## Work item
What's wanted is a faithful retyping of every entry, pictures excluded.

## Exercise inputs
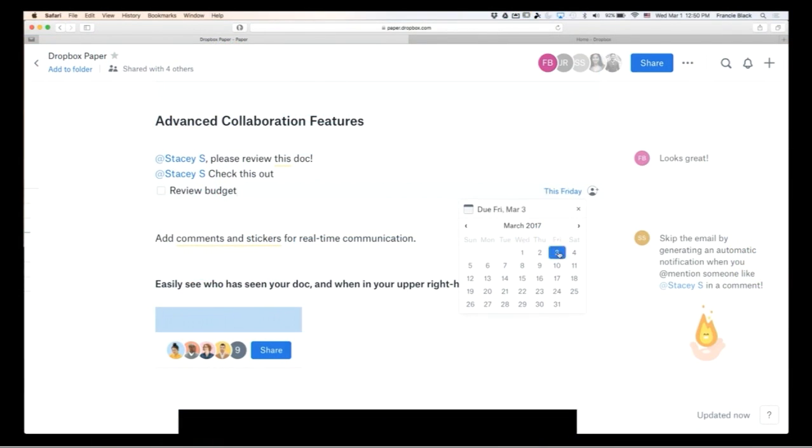I can also do checkboxes — I can assign a task and say "review the budget," add a calendar date to it so they'll get reminders, and assign a person to it. And then the last thing is comments on the right-hand side — people can reply, and you can add emojis and icons. It's really a modern commenting and collaboration tool that's brand new.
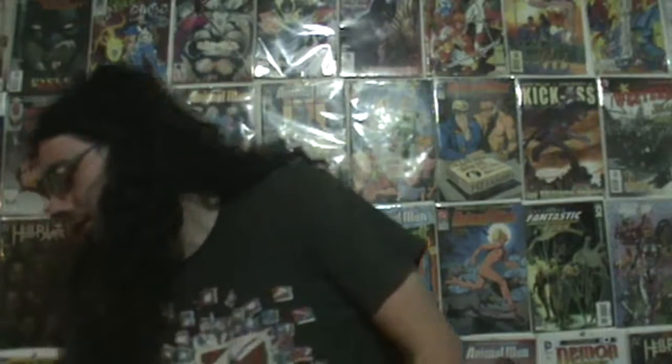Hey guys, welcome to the new comic book pick up video. So comic book pickups, let's get into it. Starting off with all of these for $7.50 — I paid $7.50 for 10 comics.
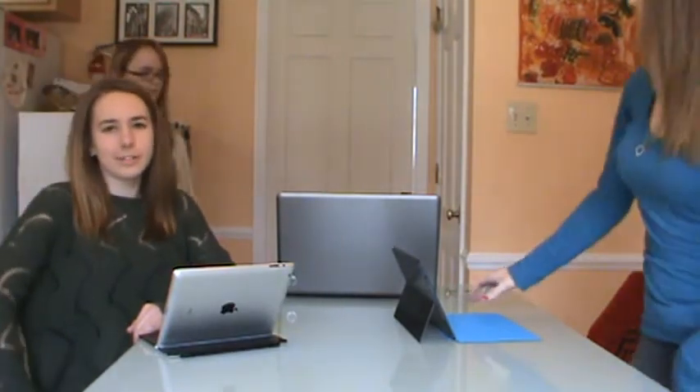Since the dishwasher broke last week, we've been looking for a new one. But it's been really hard to find one that we like.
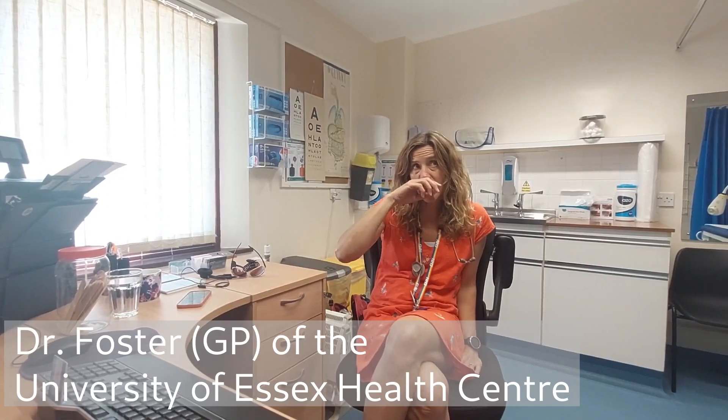Interestingly, Northeast Essex, which is where Colchester is based, is the leading area for diabetes in the whole country. Our data is the best, so it's definitely worth registering here.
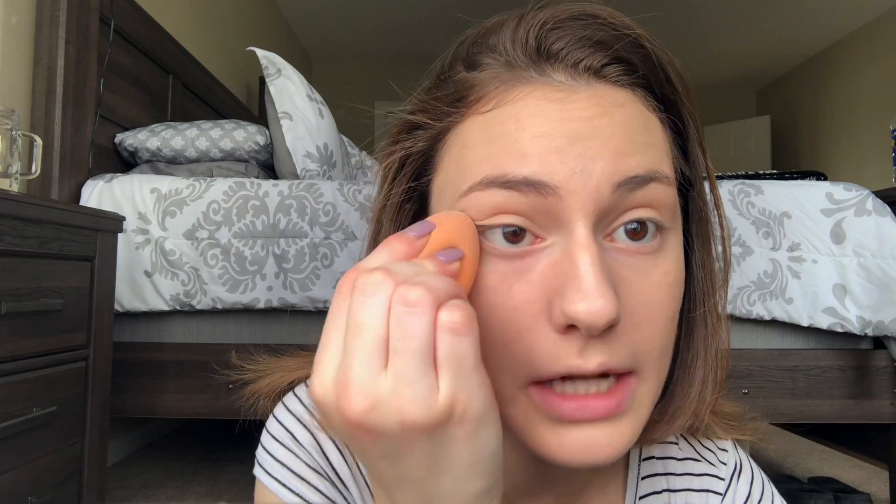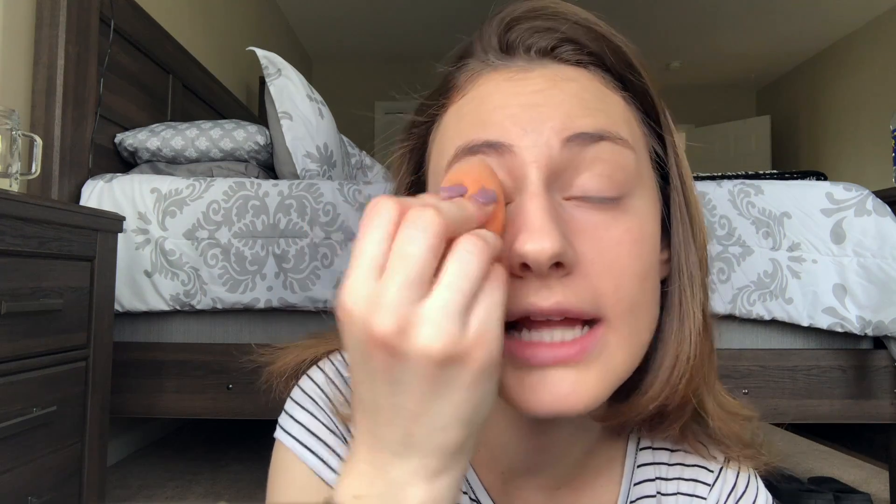To make sure my under-eye concealer doesn't crease, I take this NYC Smooth Skin Face Powder onto my beauty sponge and put it under my eye. I want to make sure it's nice and blended first. I just set it — I don't bake — and I take a little onto my eyelid too just to make sure there are no creases up there.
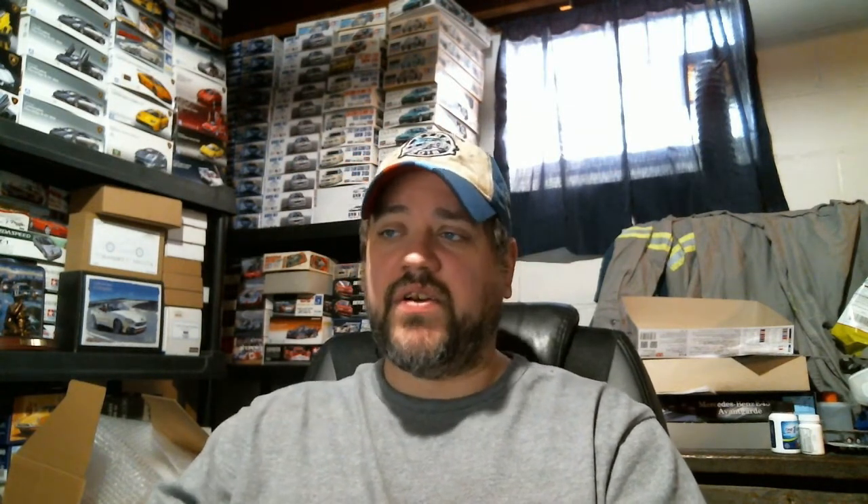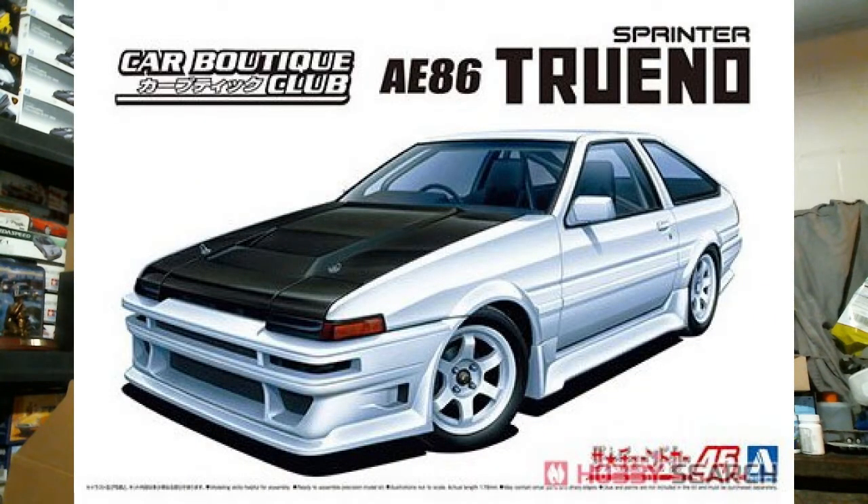For overseas releases we have two Aoshima restocks and one Tamiya. The Aoshima restocks are the Vertex Nissan Silvia S13 from the Tuner Car lineup and the Car Boutique Club Toyota AE86 Sprinter Trueno — essentially a standard Trueno with a different bumper, side ground effects, a different hood compared to normal AE86s, and roll-cage parts from the Project D car. It's a good-looking car, though there is no engine in the kit.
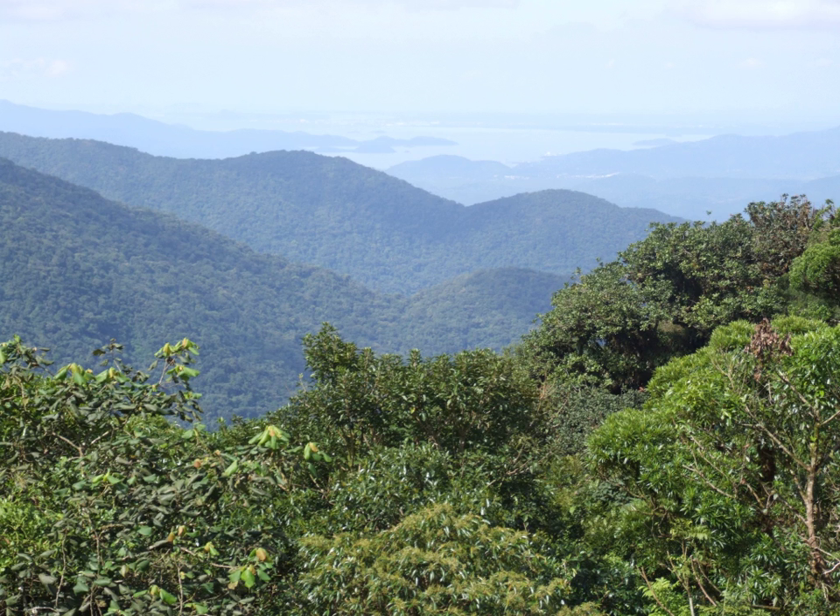The Atlantic Forest is characterized by high biodiversity and endemism. It was the first environment that the Portuguese colonists encountered over 500 years ago, when it was thought to have had an area of 1,000,000 to 1,500,000 square kilometres, stretching an unknown distance inland. Over 85% of the original area has been deforested, threatening many plant and animal species with extinction.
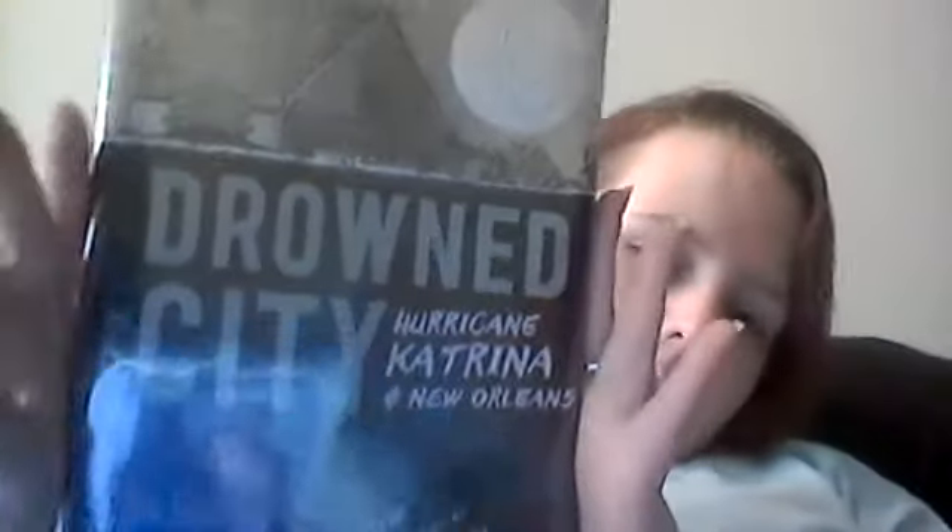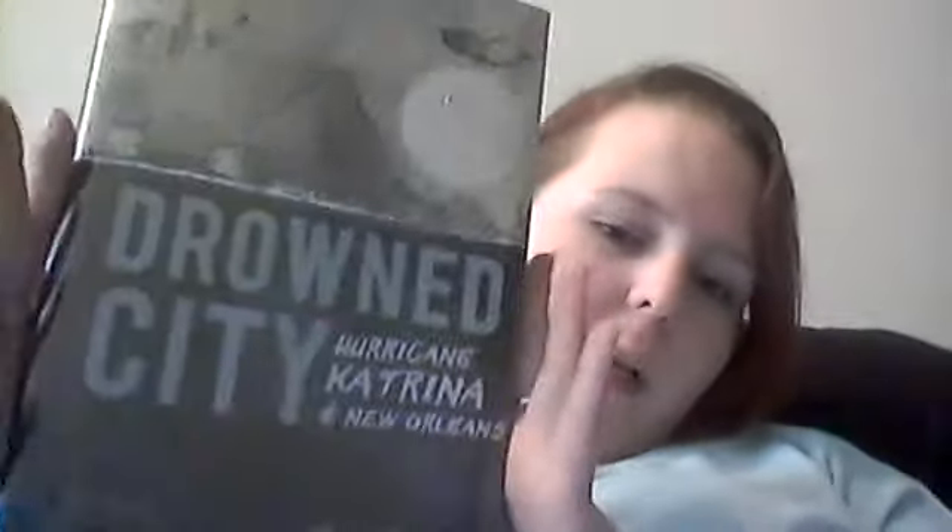Hi guys, so you'll have to excuse my voice, I'm losing it, but this week I read Drowned City: Hurricane Katrina and New Orleans by Dawn Brown.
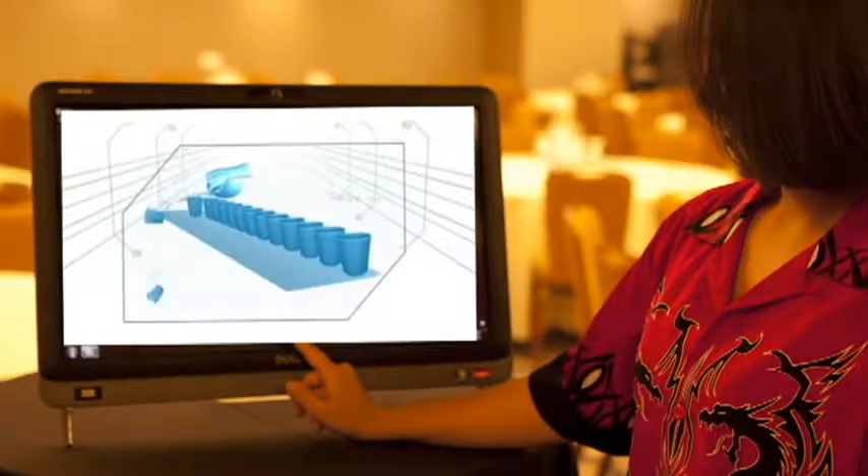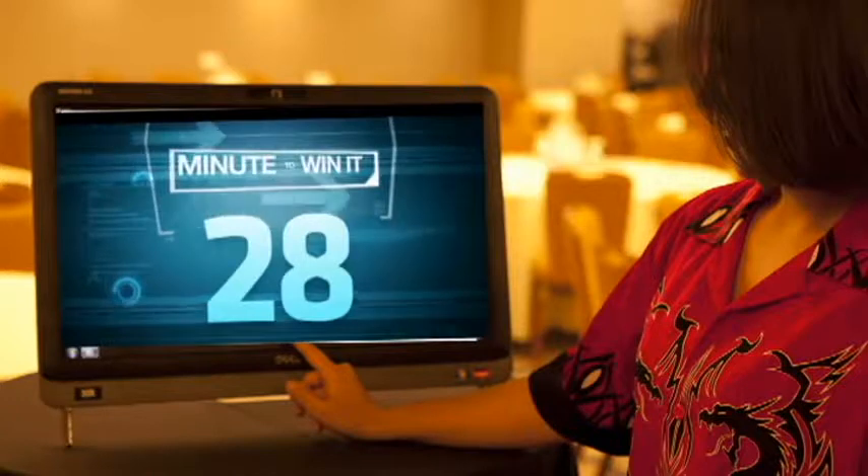Staff will also help navigate the touchscreen monitor that provides a preview of the game and even tracks your time. The games are easy, but you only have a minute to win it.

## Response
I can also do checkboxes — I can assign a task and say "review the budget," add a calendar date to it so they'll get reminders, and assign a person to it. And then the last thing is comments on the right-hand side — people can reply, and you can add emojis and icons. It's really a modern commenting and collaboration tool that's brand new.
Hey guys, welcome to the new comic book pick up video. So comic book pickups, let's get into it. Starting off with all of these for $7.50 — I paid $7.50 for 10 comics.
Since the dishwasher broke last week, we've been looking for a new one. But it's been really hard to find one that we like.
Interestingly, Northeast Essex, which is where Colchester is based, is the leading area for diabetes in the whole country. Our data is the best, so it's definitely worth registering here.
To make sure my under-eye concealer doesn't crease, I take this NYC Smooth Skin Face Powder onto my beauty sponge and put it under my eye. I want to make sure it's nice and blended first. I just set it — I don't bake — and I take a little onto my eyelid too just to make sure there are no creases up there.
For overseas releases we have two Aoshima restocks and one Tamiya. The Aoshima restocks are the Vertex Nissan Silvia S13 from the Tuner Car lineup and the Car Boutique Club Toyota AE86 Sprinter Trueno — essentially a standard Trueno with a different bumper, side ground effects, a different hood compared to normal AE86s, and roll-cage parts from the Project D car. It's a good-looking car, though there is no engine in the kit.
The Atlantic Forest is characterized by high biodiversity and endemism. It was the first environment that the Portuguese colonists encountered over 500 years ago, when it was thought to have had an area of 1,000,000 to 1,500,000 square kilometres, stretching an unknown distance inland. Over 85% of the original area has been deforested, threatening many plant and animal species with extinction.
Hi guys, so you'll have to excuse my voice, I'm losing it, but this week I read Drowned City: Hurricane Katrina and New Orleans by Dawn Brown.
Staff will also help navigate the touchscreen monitor that provides a preview of the game and even tracks your time. The games are easy, but you only have a minute to win it.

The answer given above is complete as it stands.